Is this a Dr. Satan mask, from "House of 1000 Corpes" without the oxygen thingy? I keep looking at it and I can't decide. I really like it. What's everyone think?










http://www.halloweenforum.com/attachment.php?attachmentid=4073


----------



## joker (Sep 25, 2007)

PeeWeePinson said:


> Is this a Dr. Satan mask, from "House of 1000 Corpes" without the oxygen thingy? I keep looking at it and I can't decide. I really like it. What's everyone think?


It doesn't look like, but without a pic or link it doesn't look like anything


----------



## Devils Chariot (May 23, 2007)

Yeah, what am looking at?


----------



## Mr_Chicken (Nov 26, 2008)

Looks to me like an Invisible Man mask....


----------



## Revenant (Mar 17, 2007)

I saw it... that doesn't appear to be Dr. Satan but with a bit of modding I think you'd get it to look like him; it's a similar enough face


----------



## PeeWeePinson (Feb 23, 2006)

Sorry Everybody! Had to go back and edit as I accidently left the picture off, as most sarcastically reminded me...In all honesty I like the mask I found better than the Dr. Satan mask, I have looked the internet over and can't find where I found this pic, so if anyone has an idea where and what it is I would appreciate knowing. That mouth gives me the creeps...


----------



## mechagrover (Oct 2, 2008)

It's definitely the retail Dr Satan mask with the O2 mask removed.

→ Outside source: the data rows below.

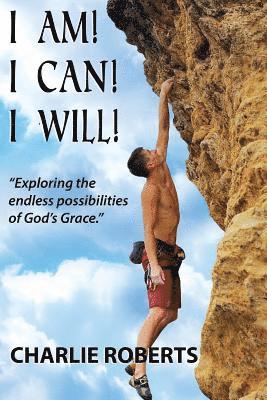 Charlie Roberts - I Am, I Can, I Will: Exploring the endless possibilities of God's grace, Häftad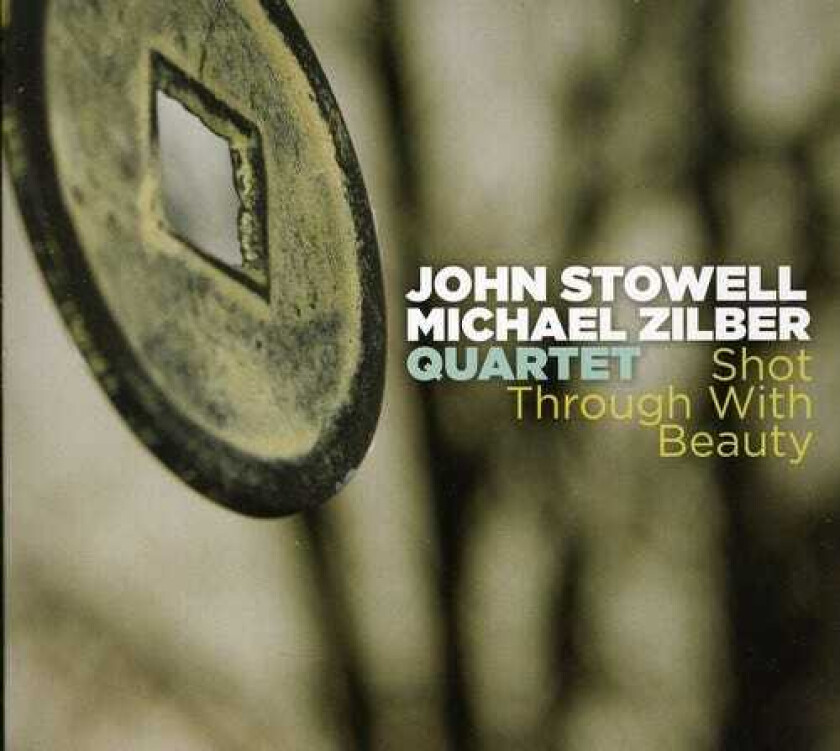 John Stowell & Michael Zilber Quartet Shot Through With Beauty CD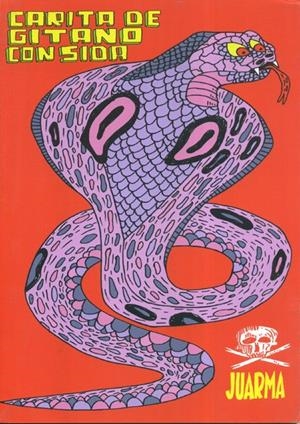 CARITA DE GITANO CON SIDA 2º ED | 130444 | JUARMA | Universal Cómics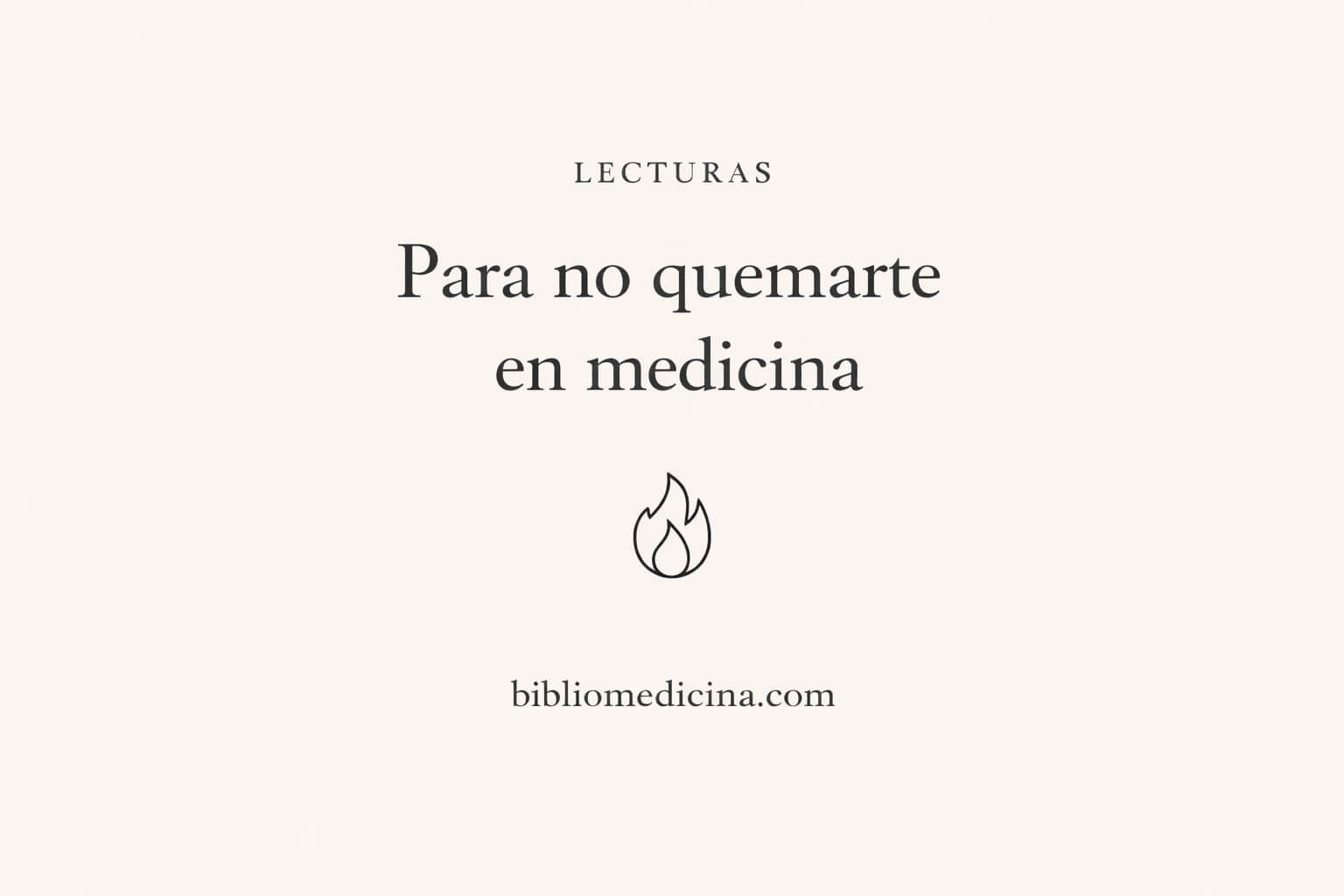 Lecturas para no quemarte en medicina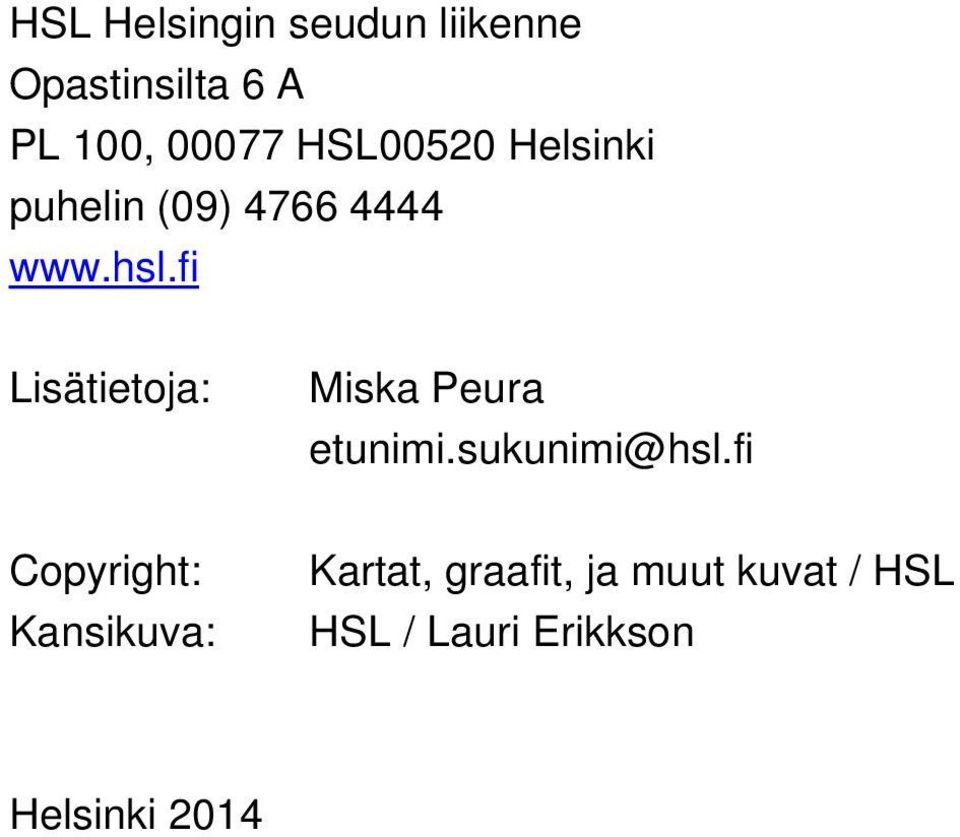 fi Lisätietoja: Miska Peura etunimi.sukunimi@hsl.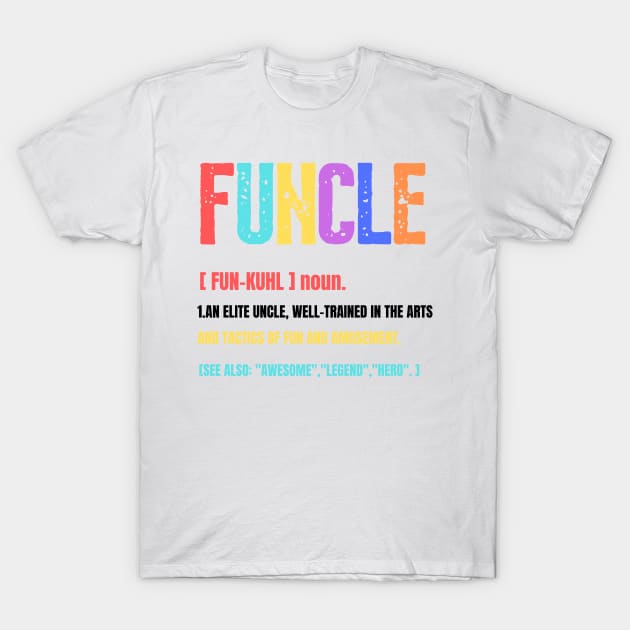 Funcle Funny Uncle Definition, Awesome Legend Hero, Vintage Style Gift For Uncle T-Shirt by JustBeSatisfied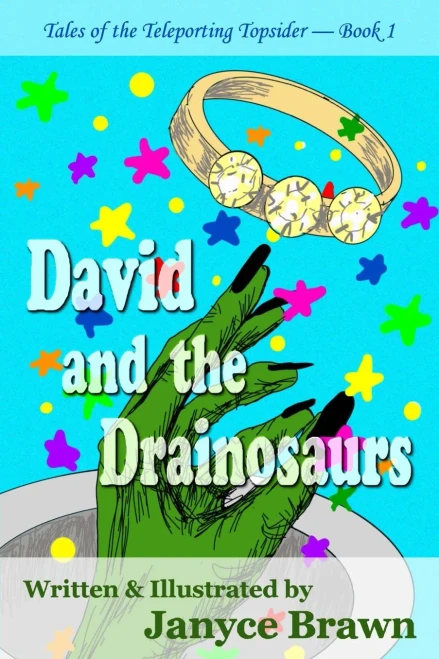 David And The Drainosaurs (Tales Of The Teleporting Topsider)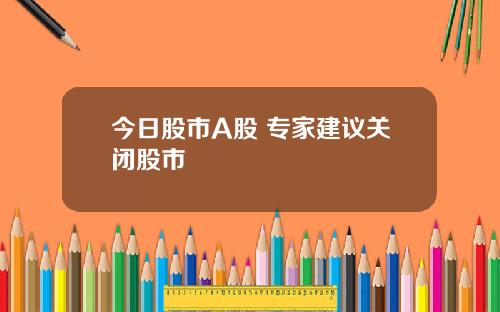 今日股市A股 专家建议关闭股市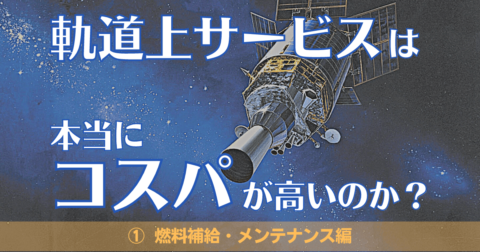軌道上サービスは本当にコストパフォーマンスが高いのか【①燃料補給・メンテナンス】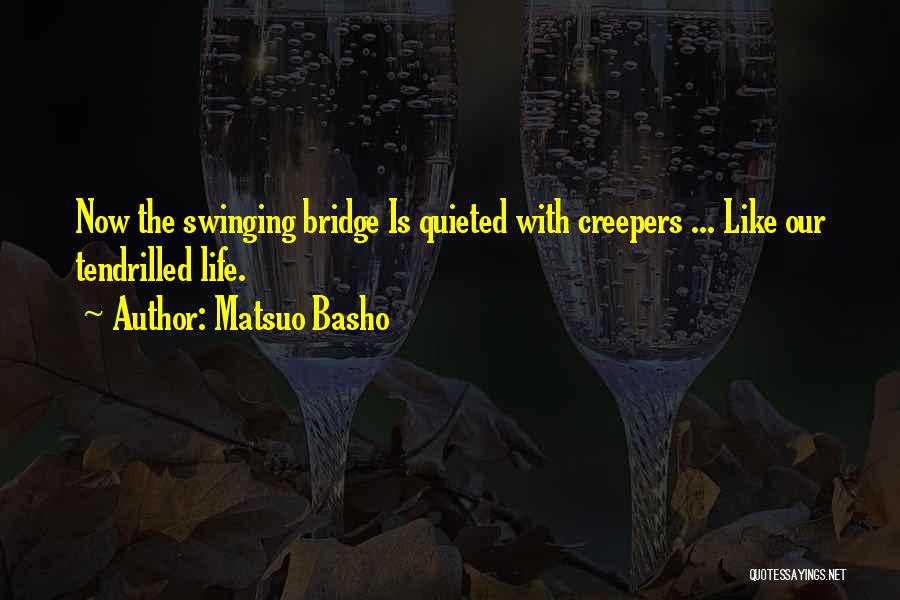 Basho Quotes By Matsuo Basho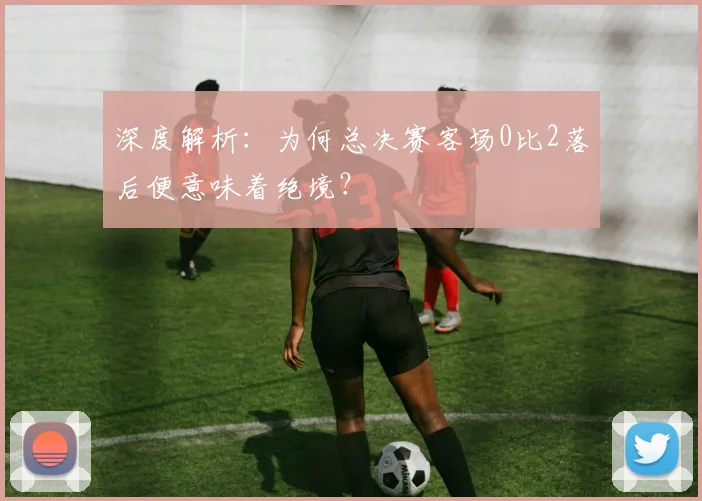 深度解析:为何总决赛客场0比2落后便意味着绝境?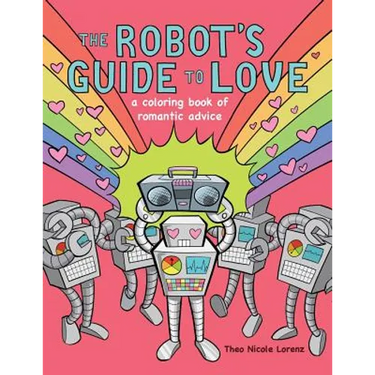 The Robot's Guide to Love: a coloring book of romantic advice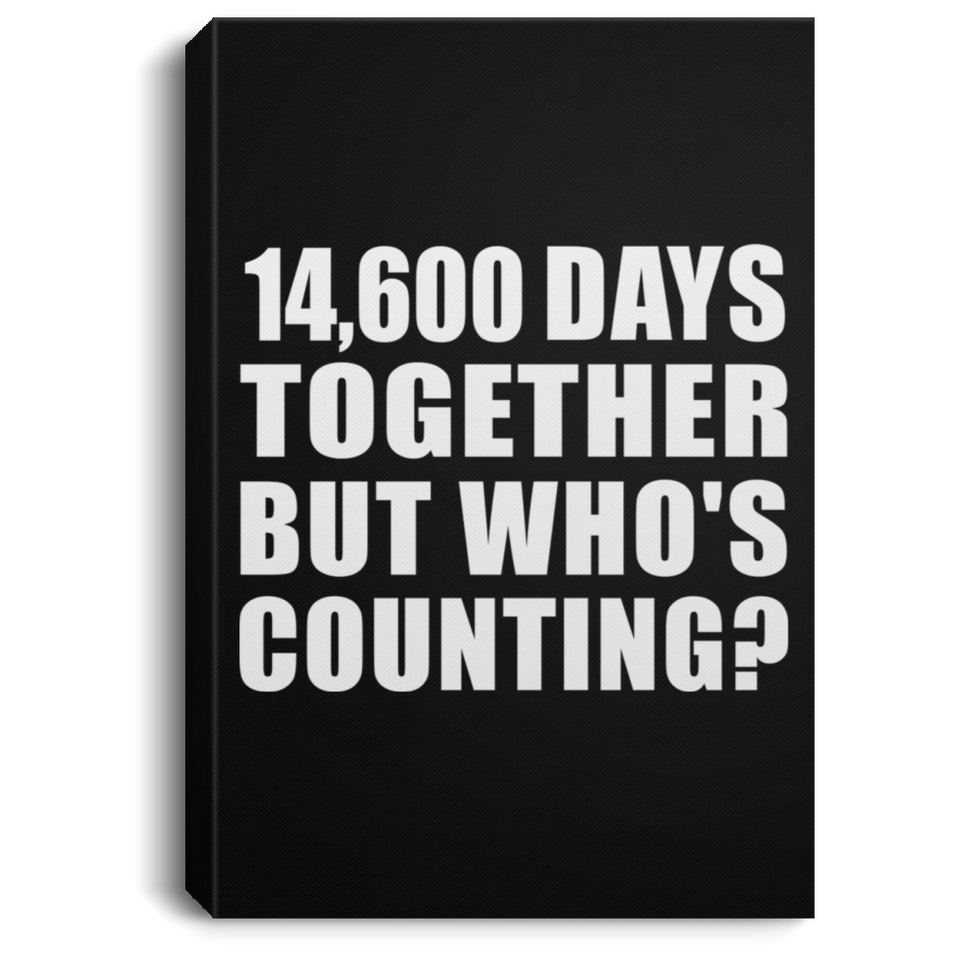 40th Anniversary 14,600 Days Together But Who's Counting - Canvas Portrait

You can count the forehead wrinkles

http://www.halloweenexpress.com/sources/com/halloweenexpress/images/products/ta299.jpg


----------



## Johnny Thunder (Feb 24, 2006)

As I suggested elsewhere, I think it's a good start and you will be able to customize it to the character.

Good luck and definitely post pics if you work on it!


----------